You see, normally around this time of year, she comes into town for a few days and we get to spend an entire day together, Christmas shopping, going out to eat, catching up on the times. This year, however, she was too busy, so she came in to town for Thanksgiving, and left the same day. It made me think if I was losing her as a friend. I still consider her to be the one that got away. If only she understood the way I feel about her, if only she wasn’t so busy. If only I would have said something earlier. Now it is too late. Like sand, I tried to hold her too tightly and she slipped through my fingers, if only I would have been gentle with her.
After thinking about her I started to think about all of the other girls I have at one time loved. Laura came into my mind. She knew how I felt, but circumstances separated us. I don’t know if she feels the same way about me anymore, but I am sure she has moved on.
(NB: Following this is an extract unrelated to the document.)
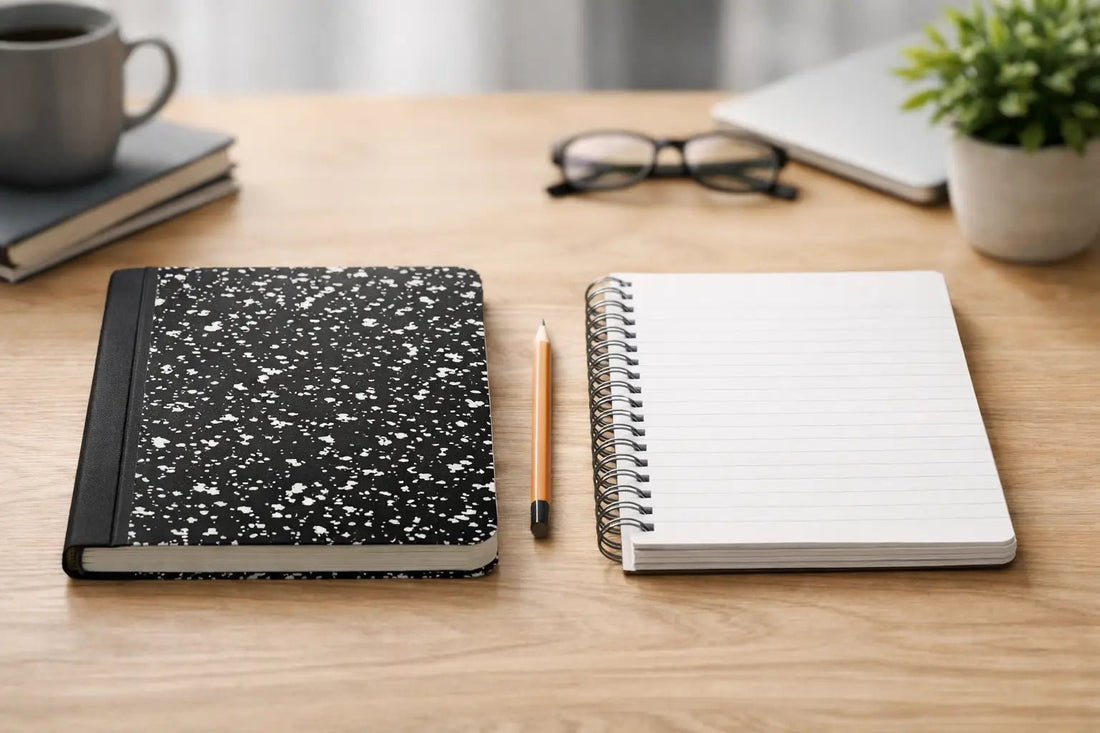 Composition Notebook vs Spiral Notebook Choices - New Generation Brands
I still see her now and again, and I want so badly to go up to her and just have a casual conversation, but I never manage to get up enough confidence to do so.
Once I thought about the people in my life who I have been separated from I got to thinking about the friends in my life now, and how I feel like I am losing them as well. I haven’t talked to Josh in a long time, and it seems as if I never talk to Joseph anymore. I have talked to Michelle lately, and I am glad I did. I still like Michelle but at the moment she wants nothing to do with relationships of any kind.
I need someone to talk to tonight. I feel like I have locked myself into a small dark room inside of my head. If I keep this up, a downward spiral is inevitable.


19
Sep 01

Thank you

Thank goodness one of our friends has come back to us. Josh, even though you are still a jackass you know we can’t live without your damn comments on your journal!


25
Jul 01

Daily Grind

This is more of a daily grind for a few days put together so just bare with me on this one. Two nights ago Fish, Bret, and I did a little backyard wrestling thing. We didn’t know what we were doing but we got it all on tape and a lot of it was hilarious. “Crusty’s ‘re cool!” Anyway, I had to work that day earlier, Damn, it was a bitch.. I worked 10 hours straight! It is okay, I made really good tips. So the next day I don’t have to work and I have nothing to do all day. I just kinda mope around until something happens to me. I hate days like that. I even wish that Fall Semester had started. I don’t know why, I guess just because it would bring routine back into my life. And my social life always seems to get better when I am at school. I have more dates and meet a lot more people then too. And anyhow, that night I went out with Bret, Josh, and Joseph. I don’t know what the hell we were doing. We just had this crazy idea that we were going to shoot promotionals for the BWF. THAT DID NOT HAPPEN, instead I got some good footage of everyday happenings. You know, eating, talking, and driving in a car. Although I tried to make it look cinematic, it didn’t work. just a waste of tape. And now for today. My mom called me today while I was asleep. It was about my State Job. I have finally gotten it, and I just have to fill out the paper work. So now, I have 2 jobs. Anyhow, I went outside to try to fix my muffler on my car, it was hanging down kinda low, so I was trying to put it up in a normal post ion. When I got back in I noticed an IM from Ashley. I thought it was weird, until I noticed my phone which had a call from her. I tried calling her back, but she was on the Internet. I don’t know how I feel about that right now. Her calling me brought up a lot of bad feelings and worse memories. I guess I will just have to try to call her. I want to be her friend. And I have talked to Seth a couple of times. Most of those times weren’t very productive, but I now know that I can have a full conversation with him without either one of use killing each other. Anyhow. That was about it for these few days. I have to go to work later today. Hopefully I will make a lot of tips. I need the money bad.